Olympic rings to celebrate the IOC official announcement that Paris won the 2024 Olympic bid are seen in front of the Eiffel Tower at the Trocadero square in Paris, France. [Source: Reuters]
Ukraine hopes to secure widespread international support for banning Russian and Belarusian athletes from the Paris Olympics due to Moscow’s invasion, the sports minister said.
The International Olympic Committee (IOC) is open to including Russian and Belarusian athletes as neutrals at the 2024 Games and has opened a door to them competing in qualifiers.
“This is unacceptable for us,” Sports Minister and former Olympic champion Vadym Huttsait told Reuters at his offices in Kyiv, beside a wall with portraits of athletes killed in the war launched by Moscow a year ago with assistance from Belarus.
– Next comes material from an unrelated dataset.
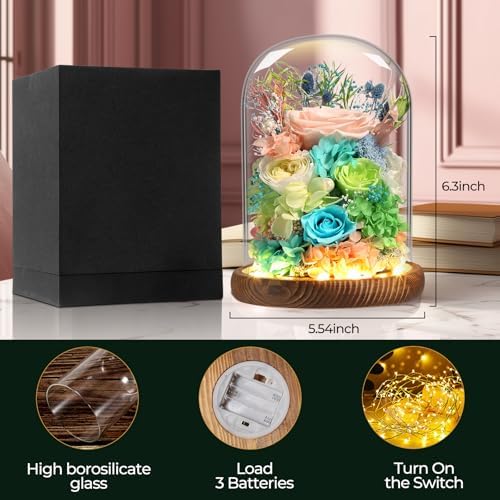 Preserved Real Roses with LED Light in Glass Dome, Perfect Long-Lasting Birthday Gifts for Women, Moms, alternate view 5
The 51-year-old won an Olympic fencing team gold in 1992, was junior sabre champion in the old Soviet Union four years before that, and coached Ukraine’s winning team at the 2008 Games.
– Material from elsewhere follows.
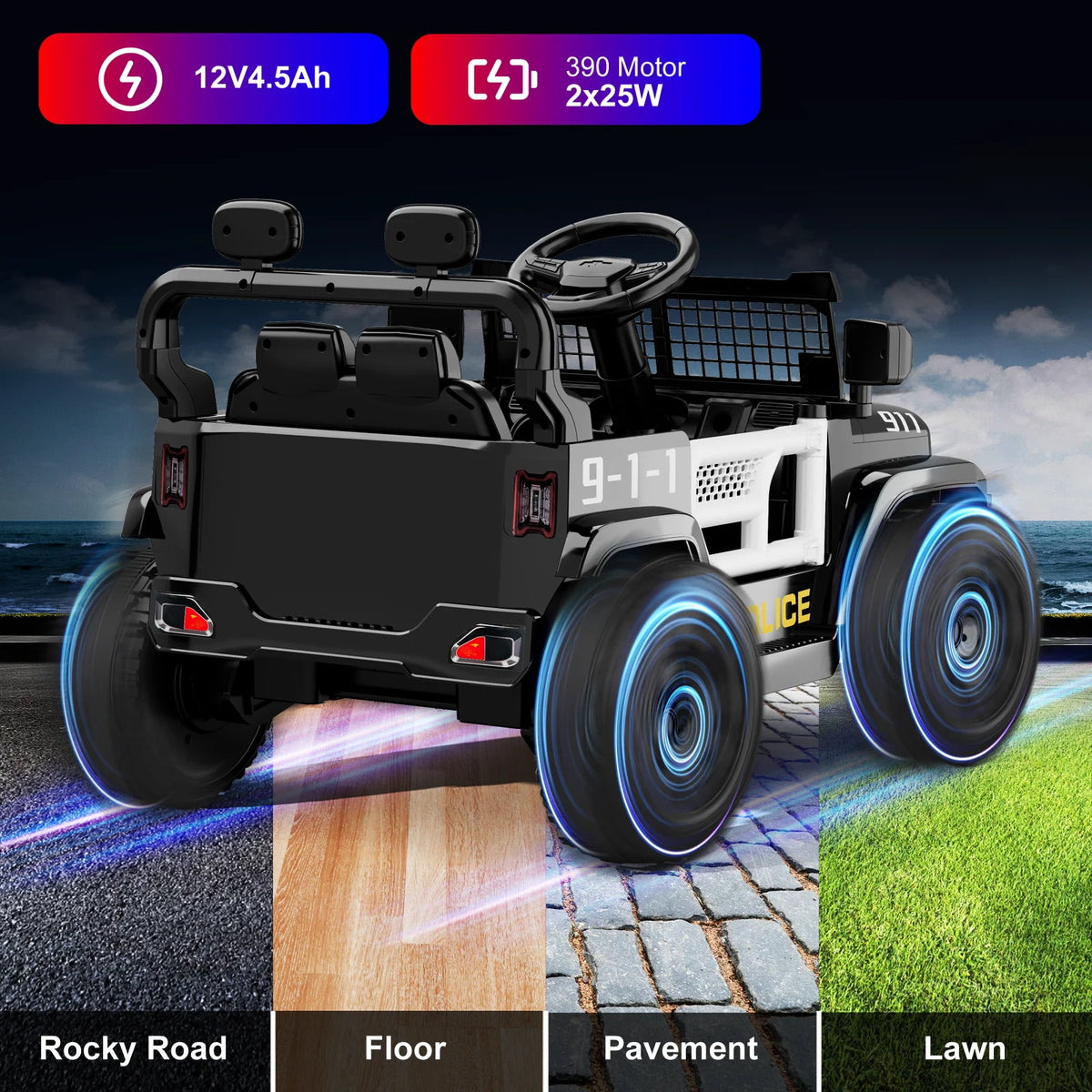 12V Ride On Car with Parent Remote Control, Toddler Police Electric Car with Spring Suspension, LED Lights & Music Player,Safe Battery Toy for Kids, Christmas & Birthday Gift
At least 220 Ukrainian athletes and coaches have died in the war, Huttsait said, with over 340 sports facilities damaged or ruined.
However, there has been little public support yet from other nations for an outright ban on Russians in Paris.
Russia says its “special military operation” in Ukraine is to protect its own security, denies accusations of atrocities, and says any push to squeeze it out of global sport will fail.
Moscow said on Tuesday it would welcome any IOC moves to allow its athletes to compete in the Olympics after the world’s top sports body looked at options for their return to international events.
The IOC’s previous recommendation to ban Russians and Belarusians has been applied by many sports federations.
But last week, it backed a proposal by the Olympic Council of Asia to allow them to compete in Asia, which could potentially include Olympic qualifying events.
Should that happen, Ukraine’s sporting authorities and athletes will face a “very difficult decision” whether to boycott Paris, Huttsait said.
“When we lose so many people, so many athletes, the lives of Ukrainians are more important to us than any medal at international competitions,” he said.
Ukrainian officials have turned on the IOC in recent days for promoting “violence, mass murders, destruction” with the idea of giving Russia a “platform to promote genocide.”
The IOC has called that defamatory and said such words do not promote constructive discussion.
On Tuesday, ex-boxing champion Wladimir Klitschko, brother of Kyiv’s mayor, called on IOC head Thomas Bach not to betray the Olympic spirit and become an “accomplice in this abominable war” by letting Russia compete.
Moscow is trying to turn the page on years of doping scandals after its teams were forced to compete without their flag or anthem at the Olympics and major international events.